Brewery Founders Buy Their Company Back from Anheuser-Busch

The move comes amid cutbacks at the brewing giant.

As the U.S.’s craft beer boom accelerated early in the last decade, cousins Nathan Kelischek and Chris Zieber decided to jump onboard, forming their own brewery in their native western North Carolina in 2011.

Appalachian Mountain Brewery, its founders said, became the first continuously operating brewery in the college town of Boone when its taproom opened in 2013, producing award-winning beers and ciders. By the following year, its owners made the decision to partner with Craft Brew Alliance, a collection of smaller brewers long linked to industry giant Anheuser-Busch.

Anheuser eventually acquired CBA outright in 2021, adding Appalachian to its stable of companies in the process — part of the brewing giant’s strategy of incorporating craft brewers into its operations as that segment steadily increased its share of an otherwise sluggish beer market.

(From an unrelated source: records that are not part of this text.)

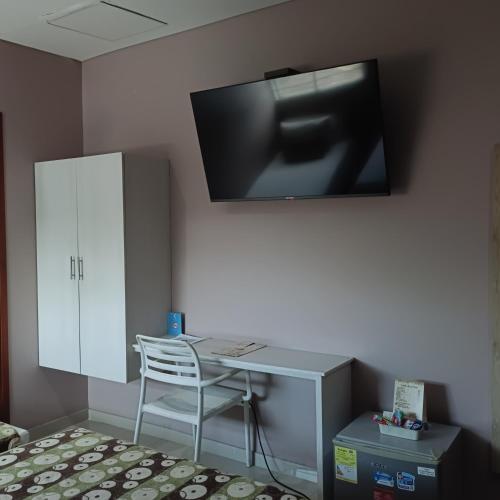 a desk with a chair and a tv on a wall at Hotel Santa Clara Boutique in Montería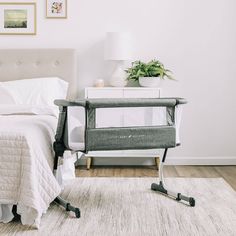 a baby crib sitting next to a bed in a bedroom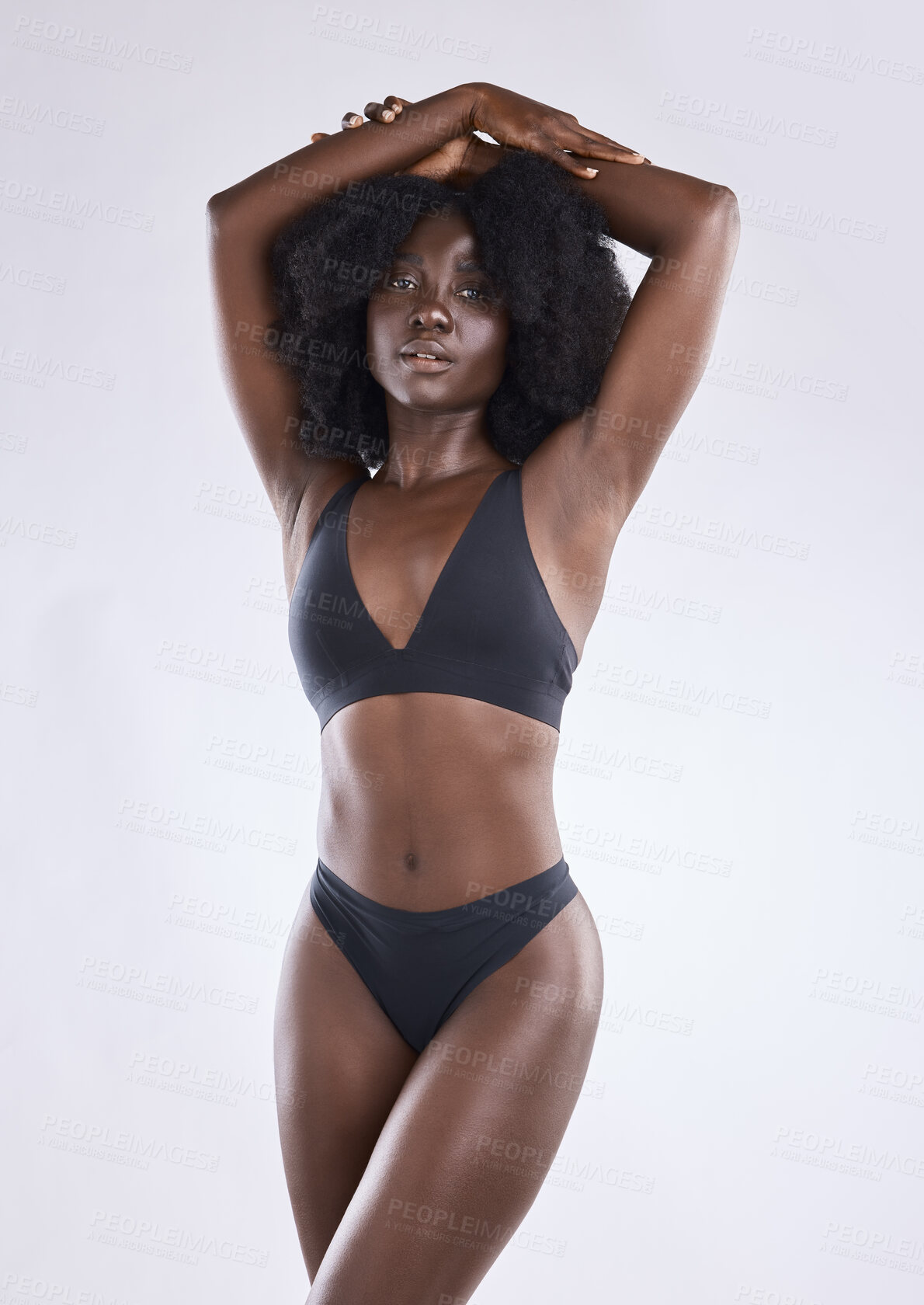 Buy stock photo Shot of a young woman posing in her underwear against a studio background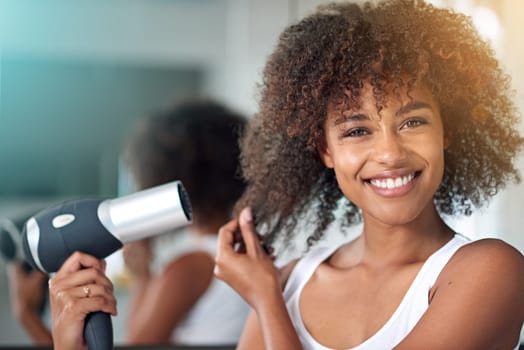 Black woman, hairdryer and hair with texture in portrait, curly hairstyle or frizz for morning routine in bathroom. Natural beauty, haircare and heat treatment for growth, shine and cosmetics at home.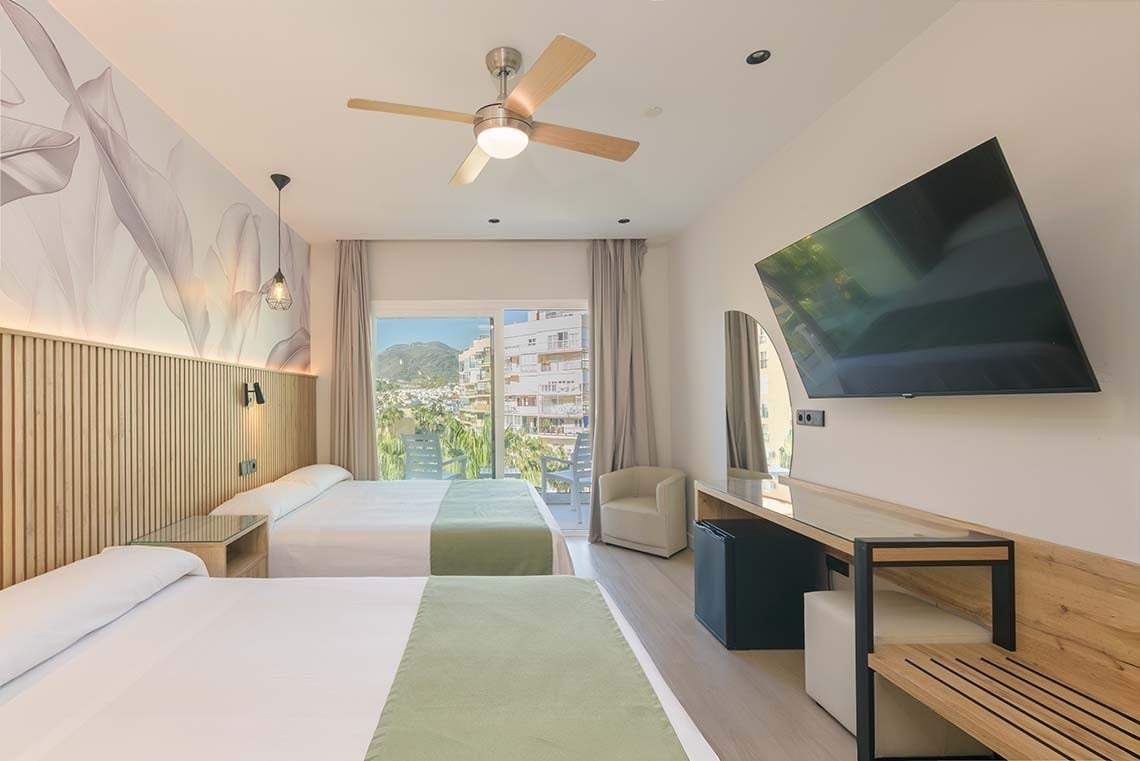 Una moderna habitación de hotel con dos camas, decoración luminosa, balcón con vistas a la ciudad y la montaña, y un televisor en la pared.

AMB’s original founders continued to lead the company as its ties to Anheuser-Busch solidified, a period that included, among other initiatives, a regional release of an alcoholic sweet iced tea with the Bojangles chain of fried chicken restaurants.

All the while, however, the nation’s spirits landscape was in the midst of another seismic shift — toward hard seltzers and, later, to canned cocktails and other “beyond beer” options. Anheuser-Busch, a report in VinePair earlier this year suggested, sought to pivot from craft beer to beer alternatives — leading to cutbacks at many of its craft holdings.

Although Appalachian wasn’t on that list of affected brewers, Anheuser-Busch was apparently ready to cut ties with it outright: AMB announced this week that Kelischek and Zieber had reached an agreement to buy their company back from the global brewing giant.

The brewery’s original — and new — owners said they would immediately turn their focus to growing its operations in North Carolina, including the original location in Boone and a new taproom outside Asheville. Its beers and ciders, meanwhile, would continue to be available through the same wholesalers and retailers across the Carolinas.

The cousins said they are grateful for their time with Anheuser-Busch and for the “support, collaboration and friendship” from their fellow craft brewers.

A purchase price for the company was not disclosed.